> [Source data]
- - -

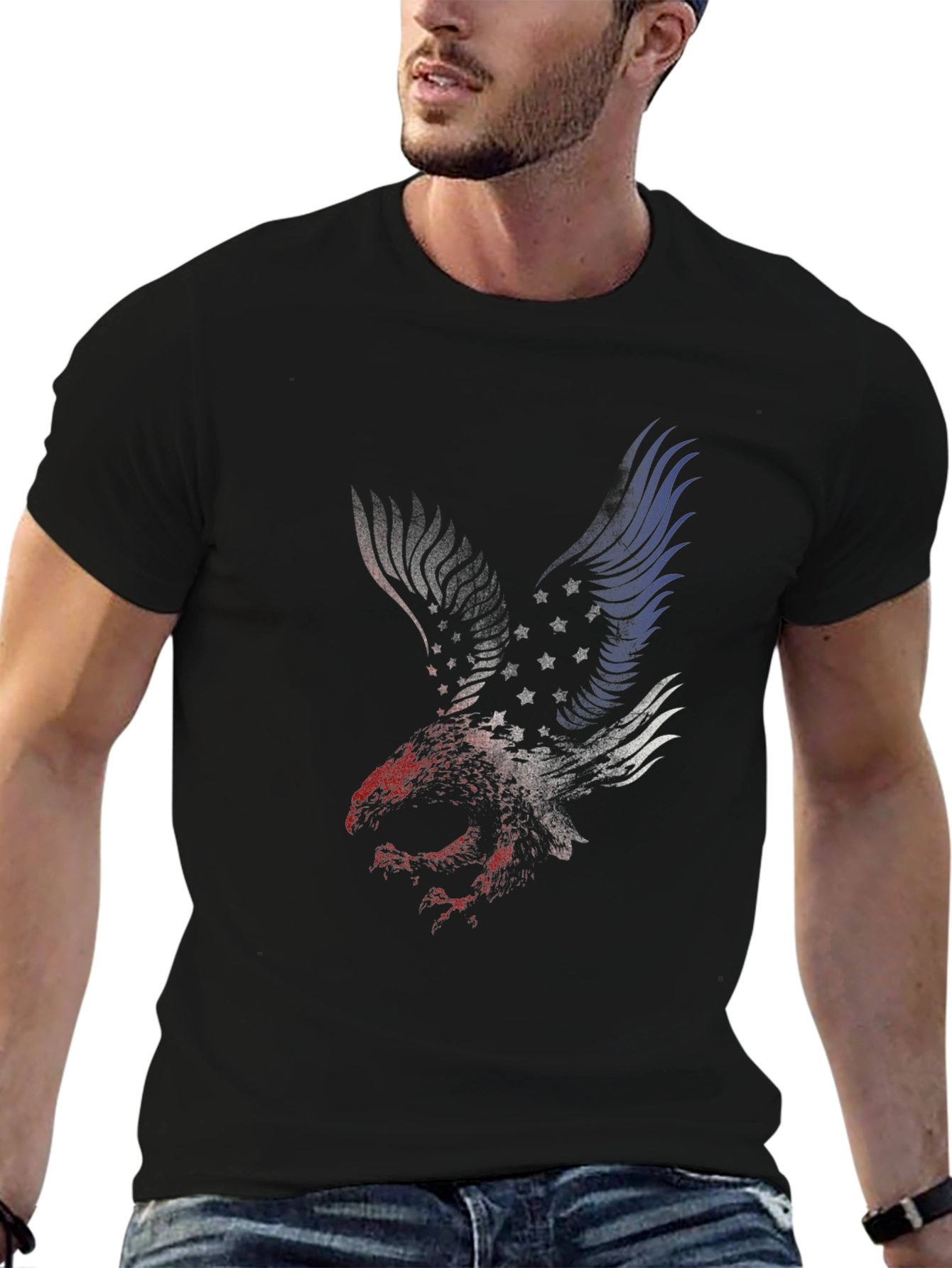 Black American Eagle Graphic Tee - Patriotic Style view 6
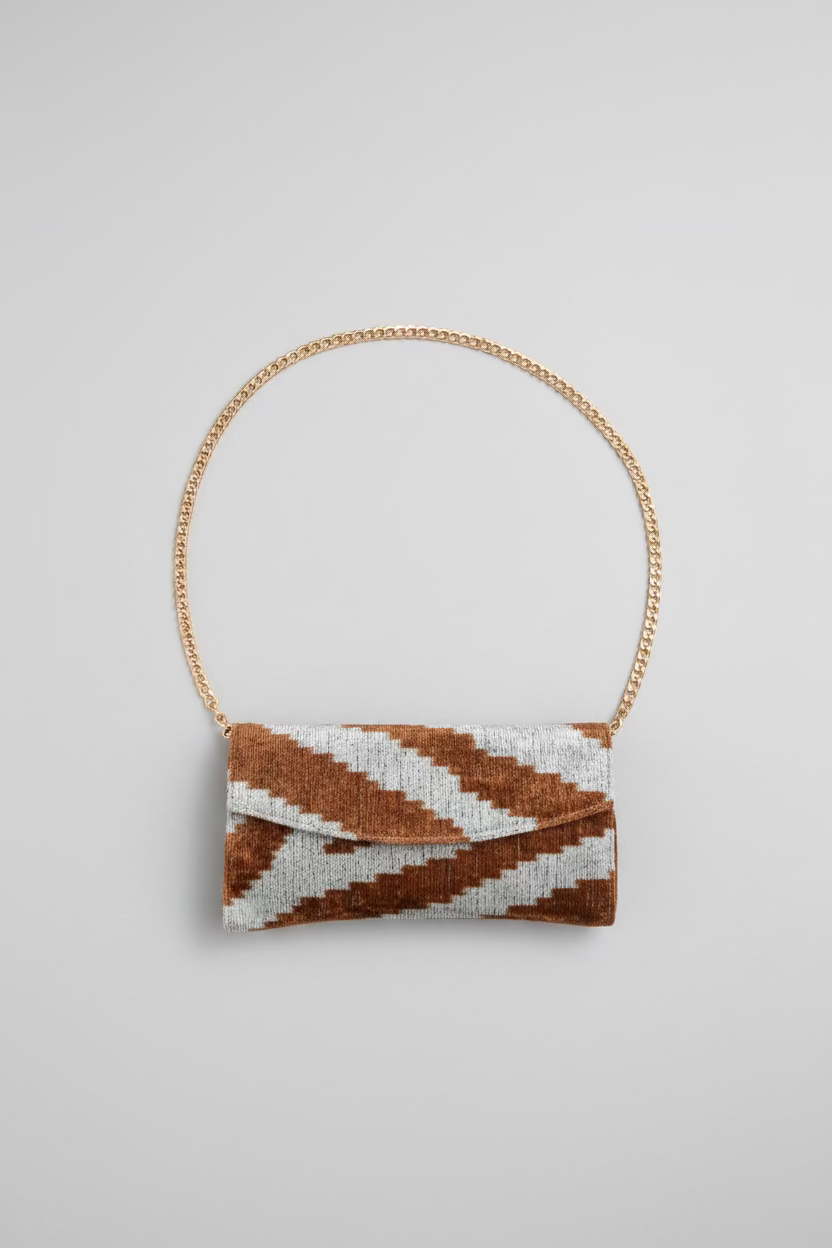 Silk Velvet Structured Clutch in Light Tiger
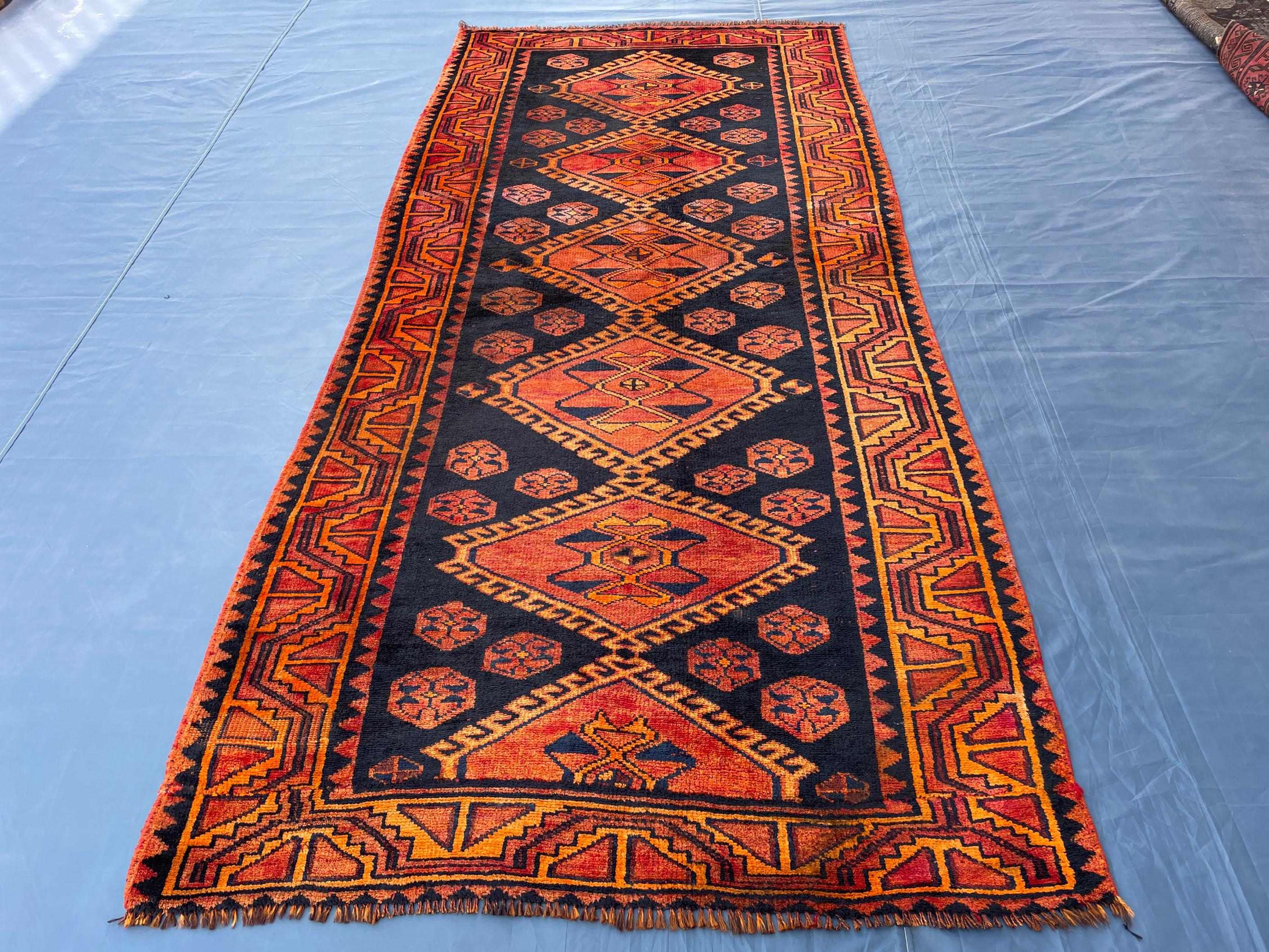 Black & Rust Hallway Rug 3'10x8'6 Vintage Afghan Runner Rug – 1940s Antique, Handmade Wool Carpet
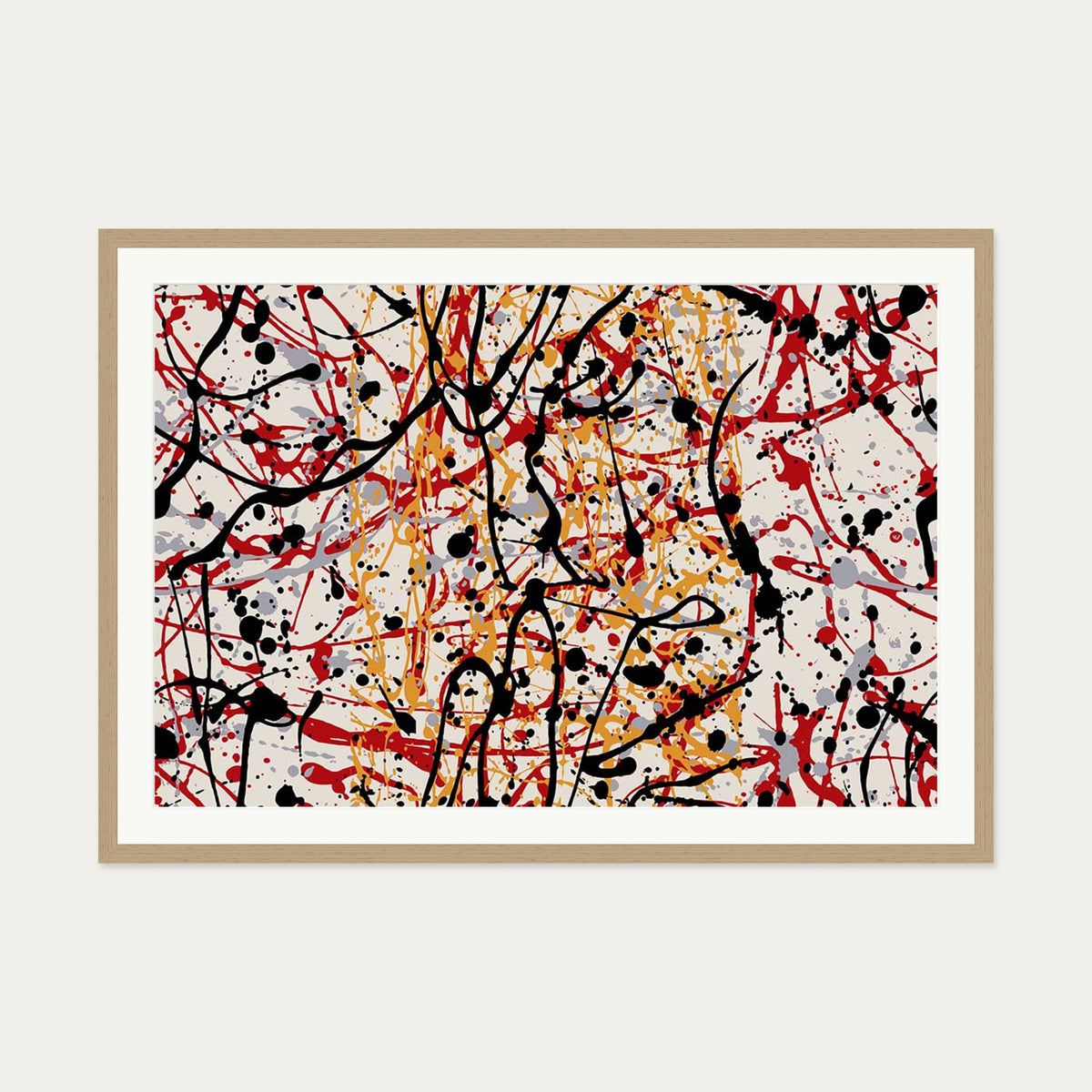 Homage To Pollock Art Print — 70 x 100 cm — Oak Frame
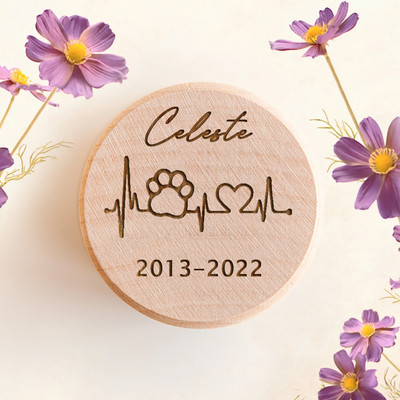 Personalizēta pielāgota vārda gravēšana mājdzīvnieku kažokādu matu komplekts uzglabāšanas kaste kaķa suņa zobi pielāgota koka kaste, saglabājiet dāvanu pazudušā mājdzīvnieka piemiņas kaste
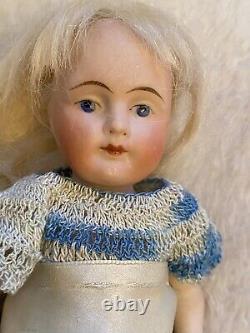 Antique Unusual Large 6 All Bisque Doll Mold 191 Indigo Eyes Pretty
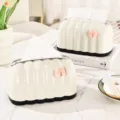 Creative toaster shape tissue box home desktop decorative tissue holder with cute pink bow - Shell Style - Creamy Apricot (2 Pack)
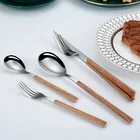 1 шт., вилка и нож из нержавеющей стали с деревянной ручкой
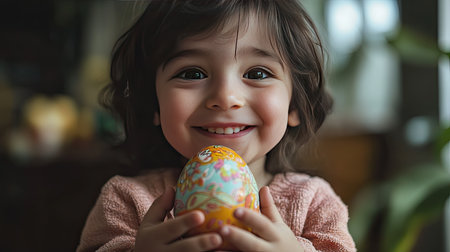 Joyful child showing off decorated Easter egg, capturing the spirit of celebration.の素材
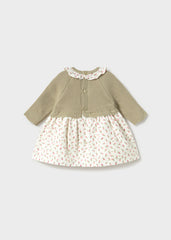 Vestido tricot flores combinado laurel
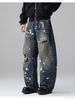 American Trendy Brand Washed Old Ink Splashing Tie-dye Ripped Scimitar Jeans Men's Spring New Wide-leg Trousers Tide_mkmklike.com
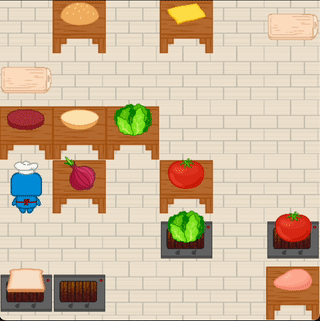 Gif showing the robot making a burger with a patty and a lettuce and a tomato in Robotouille simulator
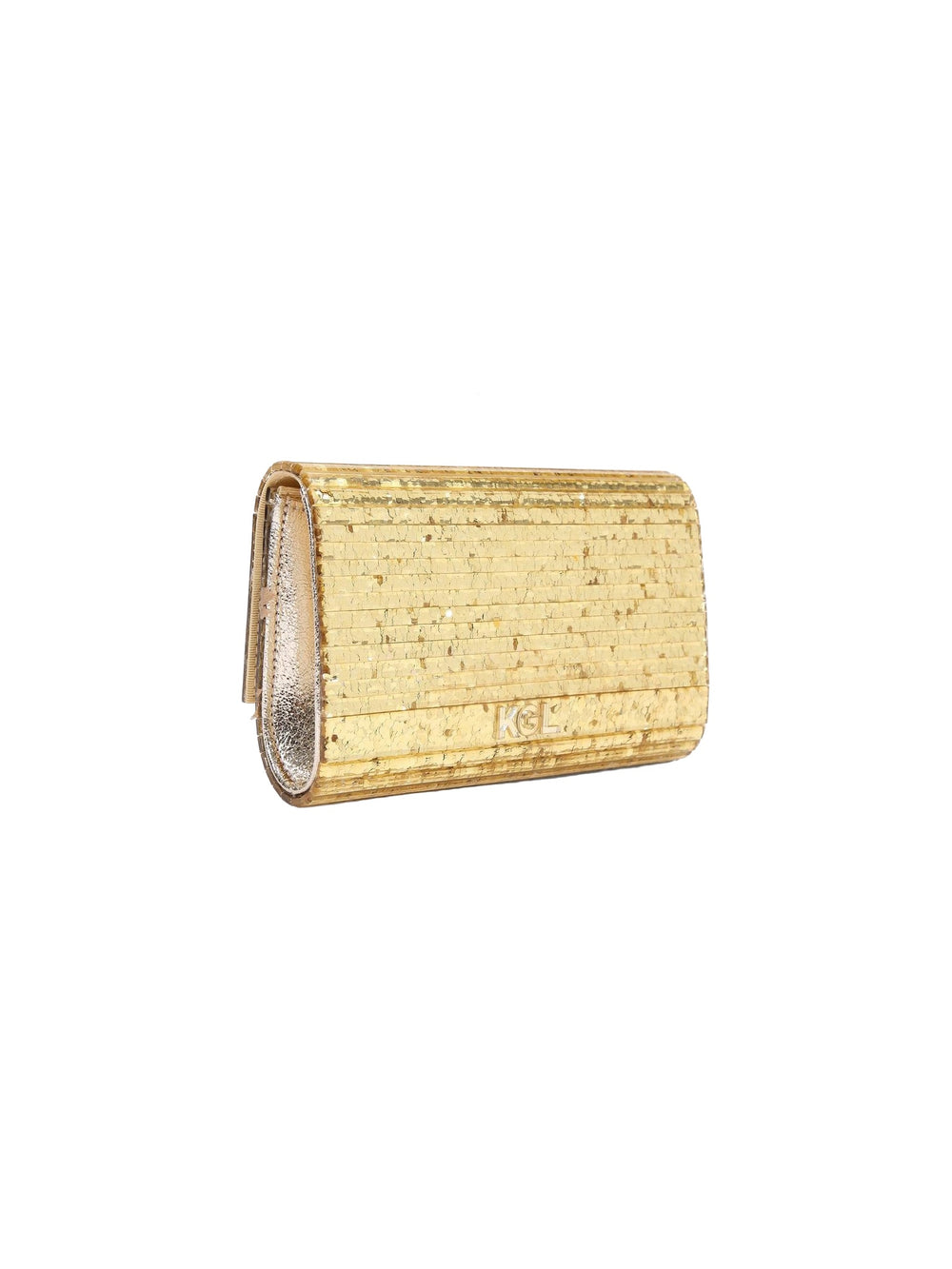 Pochette rigide avec finitions dorées et cristaux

- - -

> [Task details]
Please transcribe exactly the lines from the one containing "Vestido tricot flores combinado laurel" through the final line of the data, including both, and nothing else. Pictures are to be left out.

> [Solution to the problem]
 Vestido tricot flores combinado laurel
 American Trendy Brand Washed Old Ink Splashing Tie-dye Ripped Scimitar Jeans Men's Spring New Wide-leg Trousers Tide_mkmklike.com
 Gif showing the robot making a burger with a patty and a lettuce and a tomato in Robotouille simulator
 Pochette rigide avec finitions dorées et cristaux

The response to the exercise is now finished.